Joe Biden was too feeble to be truly menacing, Kamala
Harris too incompetent. Both lacked formidability, a hallmark of any worthy
villain.
Gavin Newsom has the makings of a great villain—he
certainly looks the part—but he’s term-limited as governor of California and
will be out of politics in 14 months. Pugnacious Texas Rep. Jasmine Crockett
also has
potential, enough so to have already drawn barbs
from the president about her supposedly low IQ, but she has no path to
higher office despite her delusions
to the contrary. She’s less relevant politically than Marjorie Taylor
Greene is.
The closest Republicans have come to finding a new
bogeyman in the Trump era is Rep. Alexandria Ocasio-Cortez, who became a
subject of right-wing horror
and fascination after she upset Democratic incumbent Joe Crowley and went
on to win a House seat in 2018. AOC is a MAGA nightmare come to life—young,
female, nonwhite, avowedly socialist, and credibly populist enough to make
Republicans sweat. She’s a significant threat to the nationalist task of
“making America great again” by restoring the primacy of the country’s
traditional ruling demographics.
But as a backbencher in a minority party in a branch of
government that functionally no longer exists, she’s just not that scary to
Republicans at the moment. She may yet achieve “great villain” status if she
runs for president or the Senate in 2028. Until then, she has no power except
her ability to rally progressives on the stump.

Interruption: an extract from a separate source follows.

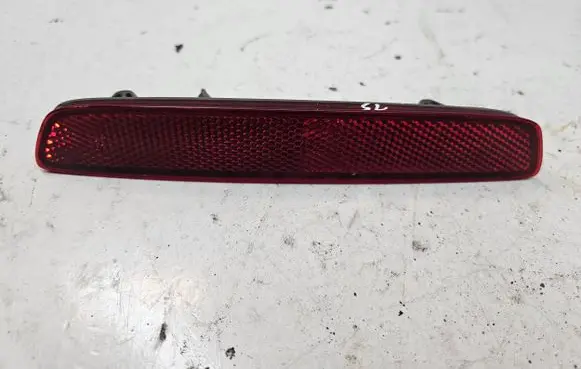 Chevrolet Trax Rear tail light reflector 094130795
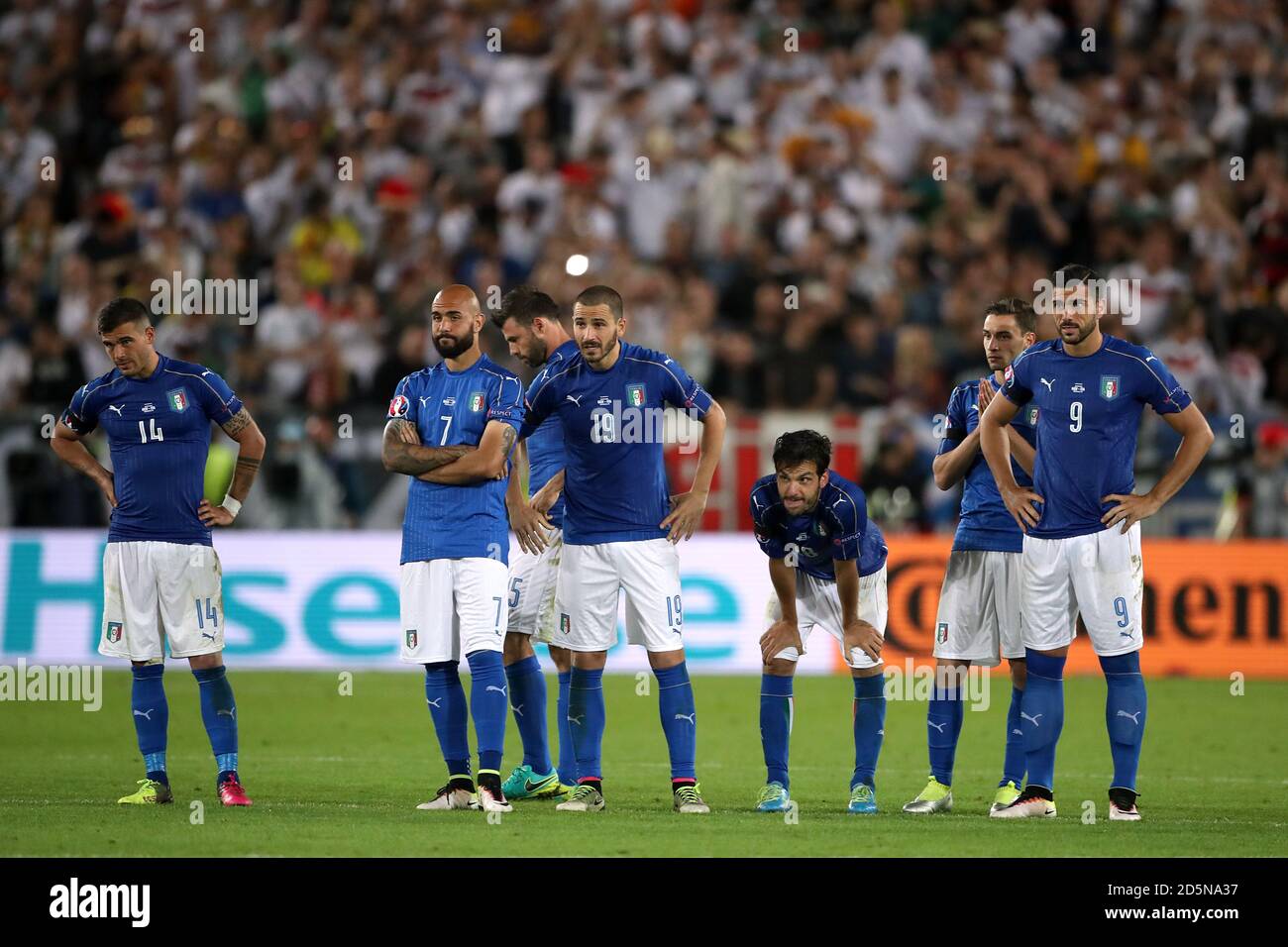 Les joueurs de l'Italie semblent être découragés lors du tir de pénalité Banque D'Images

So the long search for a Democratic bogeyman goes
on—although maybe not for much longer.
New York City mayoral candidate Zohran Mamdani is
everything the populist right fears and loathes about Ocasio-Cortez, except
more so. He’s younger than her, every bit as radical as her, and not merely
nonwhite but non-Christian. The prospect of a Muslim governing NYC after 9/11
has become a hot topic in the mayor’s race, partly due to bigotry but
also partly to Mamdani’s own tolerance for
terrorism aficionados and odd priorities in remembering
victims of the attack.
As a threat to American nationalists, the only way AOC
has him beat is that she’s a woman. And even there, critics have been keen to
note “Mamscrawny’s” underwhelming
bench press as evidence that he’s not quite a man.

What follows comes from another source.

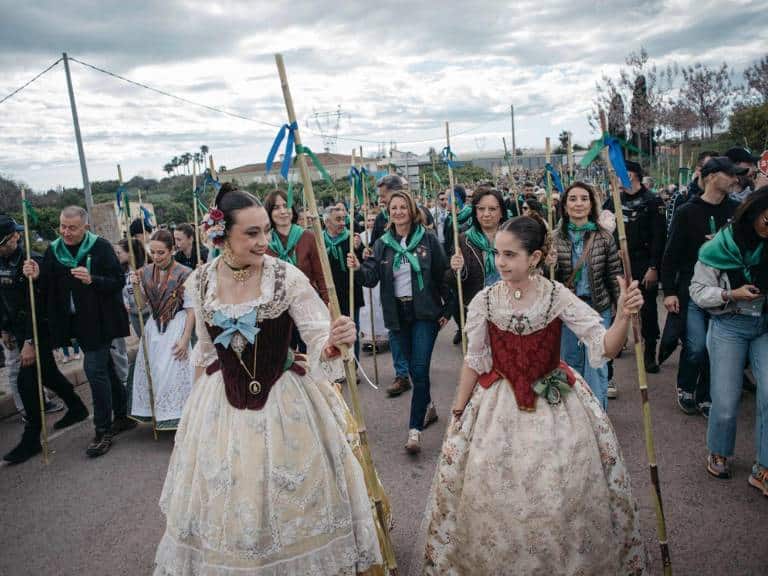 Con todos los ojos puestos en la meteorología, los castellonenses se han congregado en el centro de la ciudad recorrer unos 8 kilómetros hasta el Castell Vell, simbolizando el origen de la fundación de Castellón.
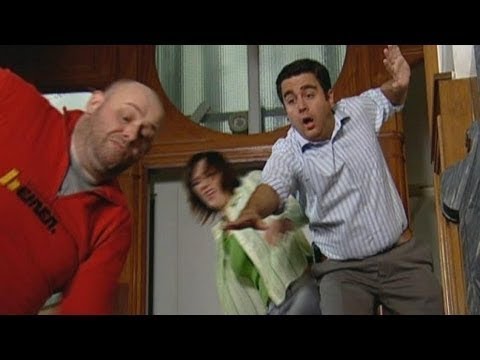 Bastian kann nicht schwer tragen - Pastewka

If the mayoral polling is correct, by this time next week
he’s likely to be the most powerful socialist in the country. Unlike
Ocasio-Cortez or Bernie Sanders, he’ll have real policymaking authority over an
influential part of America: the nation’s largest and wealthiest city and, as
it happens, the president’s hometown. In every way, he’s an ideal foil for
Donald Trump’s party as it strives to make next year’s midterms a choice between
Republican rule and Democratic radicalism rather than a referendum on
Trump’s presidency.
How useful a bogeyman will Zohran Mamdani be for the GOP?
The anchor.
He’ll be useful enough that it took Rep. Hakeem Jeffries
until mid-October to endorse him.
Jeffries is the House minority leader and another major
national figure from New York City, making his preference in the mayor’s race
that much more significant. Yet despite the fact that Mamdani won the
Democratic primary months ago and has led in every poll since, not until a few
days ago did Jeffries finally
take the plunge and support his party’s nominee. In fact, Senate Minority
Leader Chuck Schumer—also a New Yorker—still hasn’t endorsed as I write this.
Clearly the Democratic leadership held off as long as it
could in hopes that Andrew Cuomo would mount a comeback and spare them from
having to hug Mamdani. But at some point, the calculus changed: Zohran’s lead
held, progressives began to notice Jeffries’ silence, and congressional Dems
realized that Mayor Mamdani will be held against them next fall whether or not
they endorse him. So Jeffries checked the box—reluctantly.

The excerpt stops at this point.